Consistently profitable Singapore Airlines (SIA) is having a particularly hard time. Its traffic has been weakening for much of the past year, especially on the cargo side, as IT exports to the USA plummeted. Despite the drop in traffic, SIA managed to remain profitable for the first half of 2001, but 11 September changed that.

Most analysts now believe SIA is operating in the red, as its load factors have been below traditional break-even levels since around September. The carrier itself warned in November that it could post a loss for the current financial year to March 2002. That would be the first full-year loss in its history.

Analysts point to problems on several fronts. First there are the group's disastrous results from the expansion policy which saw SIAbuy stakes in foreign airlines. The group has lost more than S$500 million ($273 million) on its stake in Air New Zealand (ANZ). The share price of troubled ANZhas plummeted to around one-tenth of what SIA paid for its 25%stake last year. And that stake has been cut to just over 4% following New Zealand's bail-out of its flag carrier. SIA's underlying aim was to get a foothold in the important Australian market through ANZ's ownership of Ansett Australia. But that too was thrown into disarray after Ansett went bankrupt in September.

Meanwhile, SIA paid £551 million ($791 million) for a 49% stake in Virgin Atlantic, which has been heavily exposed to the 11 September crisis. SIA last year wrote its investment in Virgin down to under $50million.

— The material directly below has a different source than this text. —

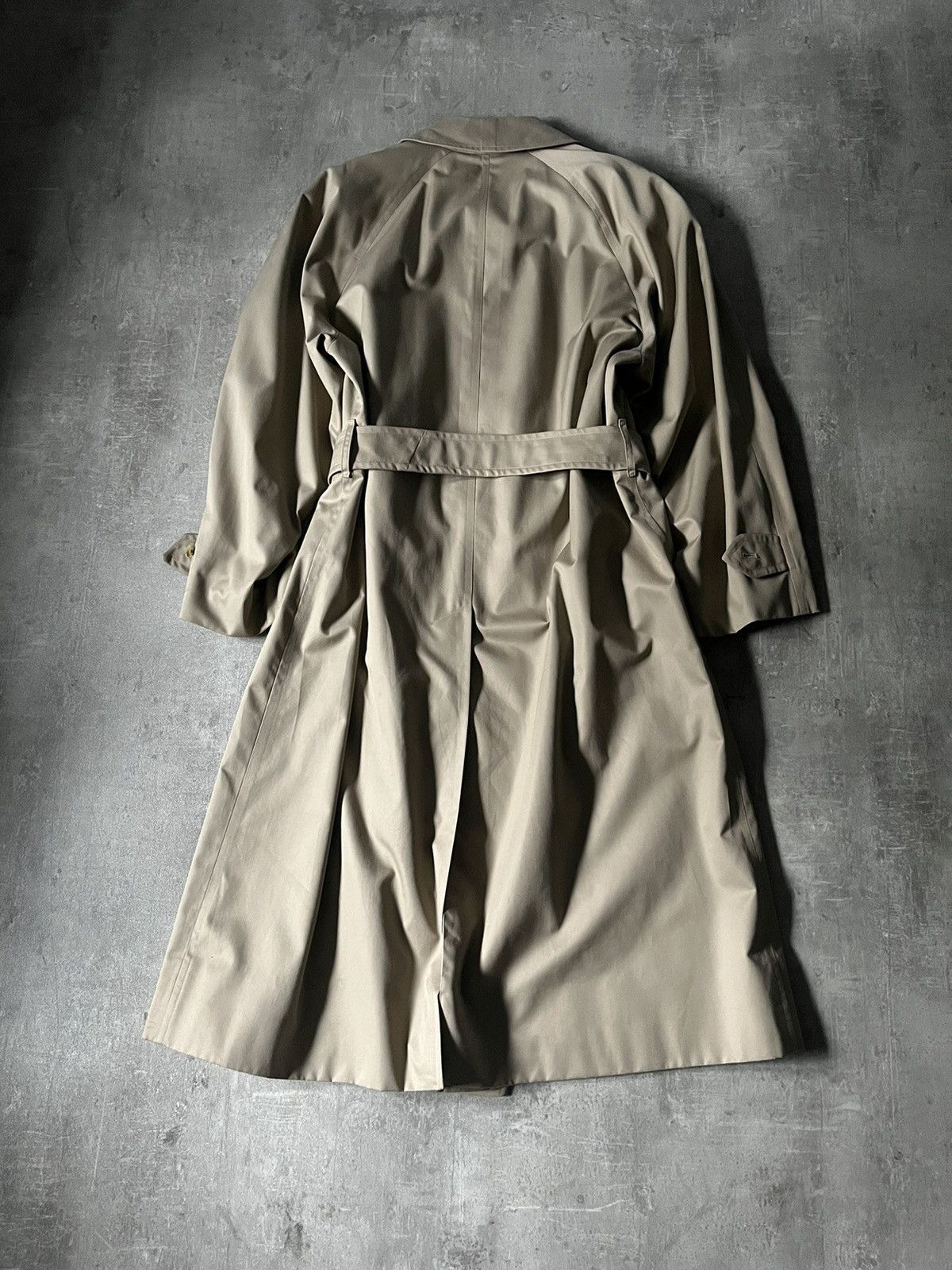 Burberry Burberrys vintage trench coat beige rare grail nova checked Size US L / EU 52-54 / 3 - 10 Thumbnail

SIA has reacted to its own drop in business by deferring aircraft deliveries, bringing forward heavy maintenance on Boeing 747-400s, freezing or reducing staff pay, dropping some investment plans and cutting services or reducing frequencies across its network.

Unlike its local competitors, SIAhas no domestic market to fall back on and must rely on weak long-haul services. Until those recover, SIA's difficulties seem likely to continue. And without a quick recovery in the US or Japanese economies, the airline's cargo operation is also expected to continue losing money. However, analysts detect some signs of recovery from the airline's recent December traffic figures. But most observers caution that it is still far too early to say that SIAis out of the woods.

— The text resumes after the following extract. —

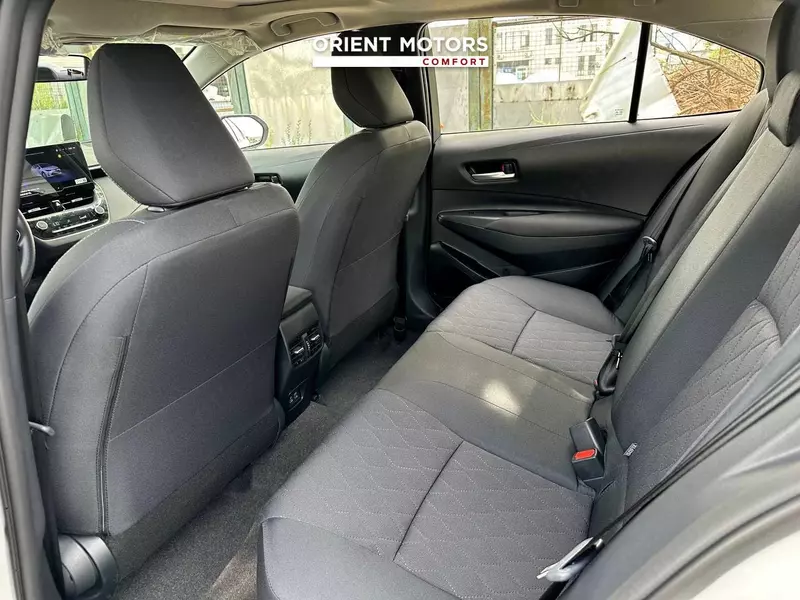 Toyota Corolla 1.8L Hybrid Легковые автомобили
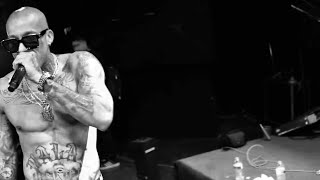 Lefty SM   - Volando.    (En vivo)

Thai Airways International

Thai Airways is heavily in debt and suffered throughout much of 2001, as the Thai Government frequently reshuffled its top management and even lambasted the airline in the press. Prime Minister Thaksin Shinawatra referred to poor service standards and in-fighting in an interview in which he said the flag carrier "sucks."

In November 2001, Thai appointed its third new board of directors of the year. However, this time the reshuffle led to some hope that necessary internal change could finally take place. For the first time the board was dominated by business leaders rather than government officials and retired military officers. Those hopes, however, were dealt a blow when the new board failed even to agree on the selection of a new president.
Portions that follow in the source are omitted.